Buchanan Masons give fire department funds to help with Jaws of Life purchase

Published 9:45 am Wednesday, March 27, 2019

BUCHANAN —  The Buchanan City Fire Department will be able to add another life-saving tool to their rescue mission arsenal, thanks to a donation from the Buchanan Masons and city approval.

Monday night during a city commission meeting, the Buchanan Masons provided the fire department with a $3,000 check for extraction equipment, also known as the Jaws of Life. The total cost of the tool is about $21,000. Commissioners voted unanimously to support the rest of the cost using money raised through a .5 millage for the fire department. 

Buchanan commissioners initially voted against approval of the equipment during a meeting earlier this month. City manager Bill Marx said the mason’s donation, combined with a better understanding of how the equipment will save lives helped to change their opinion Monday night.

Buchanan Fire Department Chief Robert “Mike” Adams said the equipment is necessary given the rapid increase of traffic accidents first responders have seen recently.

“Our call volume, as far as vehicle accidents, has more than doubled over the course of the last couple years,” Adams said. “We have had some pretty severe [crashes].”

Adams said the fire department does not have any vehicle extrication equipment. He said the equipment they will purchase is battery-powered and mobile. It will help them to free people who have been trapped in a vehicle during a wreck.

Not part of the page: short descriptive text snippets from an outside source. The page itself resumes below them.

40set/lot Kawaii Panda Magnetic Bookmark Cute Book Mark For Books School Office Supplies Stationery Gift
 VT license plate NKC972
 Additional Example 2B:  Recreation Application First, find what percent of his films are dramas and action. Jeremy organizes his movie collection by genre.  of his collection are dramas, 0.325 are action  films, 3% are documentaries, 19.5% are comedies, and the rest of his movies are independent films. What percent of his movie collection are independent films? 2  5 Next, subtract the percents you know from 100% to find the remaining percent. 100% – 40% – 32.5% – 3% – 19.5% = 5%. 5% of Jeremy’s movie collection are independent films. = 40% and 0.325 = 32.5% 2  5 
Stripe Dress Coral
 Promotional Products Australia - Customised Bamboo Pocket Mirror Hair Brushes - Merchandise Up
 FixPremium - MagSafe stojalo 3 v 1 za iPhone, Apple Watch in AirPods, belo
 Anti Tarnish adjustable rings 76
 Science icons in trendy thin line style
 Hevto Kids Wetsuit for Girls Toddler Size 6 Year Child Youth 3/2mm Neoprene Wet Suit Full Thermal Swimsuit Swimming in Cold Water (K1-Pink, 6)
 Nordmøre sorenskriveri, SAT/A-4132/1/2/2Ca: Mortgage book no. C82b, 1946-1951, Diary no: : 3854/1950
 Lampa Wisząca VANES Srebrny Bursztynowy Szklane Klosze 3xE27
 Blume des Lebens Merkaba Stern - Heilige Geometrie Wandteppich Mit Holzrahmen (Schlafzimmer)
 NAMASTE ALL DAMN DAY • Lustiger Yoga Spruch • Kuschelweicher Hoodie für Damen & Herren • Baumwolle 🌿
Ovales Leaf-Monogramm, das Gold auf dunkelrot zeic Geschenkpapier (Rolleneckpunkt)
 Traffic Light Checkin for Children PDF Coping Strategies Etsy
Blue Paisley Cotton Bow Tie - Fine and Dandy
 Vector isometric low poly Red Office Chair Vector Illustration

Dan Hinkle, of the Buchanan Masons, said the fire department approached them to seek help after the city had rejected approval for the equipment. He said the Masons offered $1,500 for the equipment, which was matched by the State Masonic Lodge for a total of $3,000.

Hinkle said a number of the Masons are former first responders and so they understood the necessity of the equipment.

Adams said he believed the initial rejection of the equipment by city commissioners amounted to a misunderstanding. After the meeting, he said the fire department continued the discussion with the commission.

Marx said city commissioners had initially expressed some trepidation about approving the extraction tool because surrounding fire departments already have the extraction equipment and could be called to the scene to assist.

After talking more with the fire department about the equipment’s necessity, Marx said city leaders determined that there is not always a guarantee that a neighboring fire department could be in a position to respond to an emergency.

“You can’t have a resident sitting there for 15 minutes waiting for a response for this equipment that could be on scene within minutes,” Marx said.

Marx commended the Masons for the gift to the fire department.

“We are happy with the fact that the Masons came up and opened the door again for this consideration,” Marx said. “Between the fact that we had neighbors that had the equipment and two, the cost $21,000, [ the purchase] was a little bit of a bite that some of the commission was concerned about. The Masons’ contribution took a little bit of that bite away.”

Adams expects the extraction equipment to arrive within the next four to six weeks. He said firefighters have already undergone some demonstrations and training so that they can be prepared to use it.

“This will make our job so much easier,” Adams said. “Our response times are already really good for being a paid-on-call department. This will give us one more ability to work quickly and not have to rely on calling somebody else to come to do that for us.”